International futures prices: International natural gas futures prices declined this report week. According to Bloomberg Finance, L.P., weekly average futures prices for liquefied natural gas (LNG) cargoes in East Asia decreased $0.59 to a weekly average of $31.52/MMBtu, and natural gas futures for delivery at the Title Transfer Facility (TTF) in the Netherlands, the most liquid natural gas market in Europe, decreased $5.69 to a weekly average of $31.61/MMBtu. Earlier this report week, the TTF price dropped below the East Asia price for the first time since April of this year. Natural gas plant liquids prices: The natural gas plant liquids composite price at Mont Belvieu, Texas, remained flat at $8.60/MMBtu for the week ending October 26. The price of ethane fell 5%, while the natural gas price at the Houston Ship Channel fell 19%. The ethane premium to natural gas widened by 64%. The price of ethylene fell 3%, widening the ethylene to ethane premium by 2%. The natural gasoline price fell 1%. The propane price rose 4%, while the Brent crude oil price rose 1%, narrowing the propane discount to crude oil by 3%. The normal butane price and isobutane price both rose 3%.
Supply and Demand
Supply: According to data from PointLogic, the average total supply of natural gas fell by 0.1% (0.1 Bcf/d) compared with the previous report week. Dry natural gas production grew by 0.5% (0.5 Bcf/d) compared with the previous report week. Average net imports from Canada decreased by 9.9% (0.6 Bcf/d) from last week. Demand: Total U.S. consumption of natural gas fell by 7.8% (5.8 Bcf/d) compared with the previous report week, according to data from PointLogic. Temperatures in the Northeast and Midwest were warmer than normal this week and close to normal in much of the rest of the country. Natural gas consumed for power generation declined by 5.5% (1.7 Bcf/d) week over week. Industrial sector consumption decreased by 1.7% (0.4 Bcf/d), and consumption in the residential and commercial sectors declined by 18.4% (3.7 Bcf/d). Natural gas exports to Mexico decreased 4.5% (0.3 Bcf/d). Natural gas deliveries to U.S. LNG export facilities (LNG pipeline receipts) averaged 11.5 Bcf/d, or 0.1 Bcf/d higher than last week.

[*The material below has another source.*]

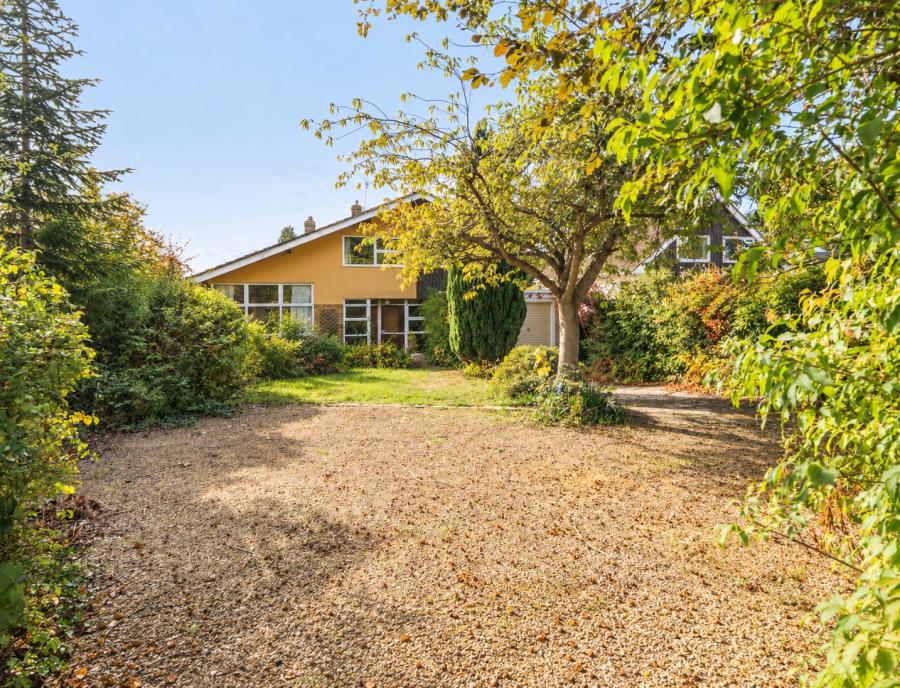 3 bedroom  detached house for sale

Liquefied Natural Gas (LNG)
Pipeline receipts: Overall natural gas deliveries to U.S. LNG export terminals increased by 0.1 Bcf/d week over week to average 11.5 Bcf/d this report week. Natural gas deliveries to LNG export terminals in South Louisiana and South Texas contributed equally to this increase, averaging 8.7 Bcf/d and 2.4 Bcf/d, respectively, according to data from PointLogic. At the Cove Point terminal in Maryland, natural gas deliveries remained at 0 Bcf/d this week, as the terminal continues its annual planned maintenance that began on October 1. Vessels departing U.S. ports: Twenty-two LNG vessels (nine from Sabine Pass, five from Corpus Christi, four from Cameron, three from Calcasieu Pass, and one from Elba Island) with a combined LNG-carrying capacity of 81 Bcf departed the United States between October 20 and October 26, according to shipping data provided by Bloomberg Finance, L.P.
Storage
The net injections into storage totaled 52 Bcf for the week ending October 21, compared with the five-year (2017–2021) average net injections of 66 Bcf and last year’s net injections of 88 Bcf during the same week. Working natural gas stocks totaled 3,394 Bcf, which is 197 Bcf (5%) lower than the five-year average and 142 Bcf (4%) lower than last year at this time. According to The Desk survey of natural gas analysts, estimates of the weekly net change to working natural gas stocks ranged from net injections of 49 Bcf to 73 Bcf, with a median estimate of 59 Bcf. The average rate of injections into storage is 4% higher than the five-year average so far in the refill season (April through October). If the rate of injections into storage matched the five-year average of 5.4 Bcf/d for the remainder of the refill season, the total inventory would be 3,448 Bcf on October 31, which is 197 Bcf lower than the five-year average of 3,645 Bcf for that time of year.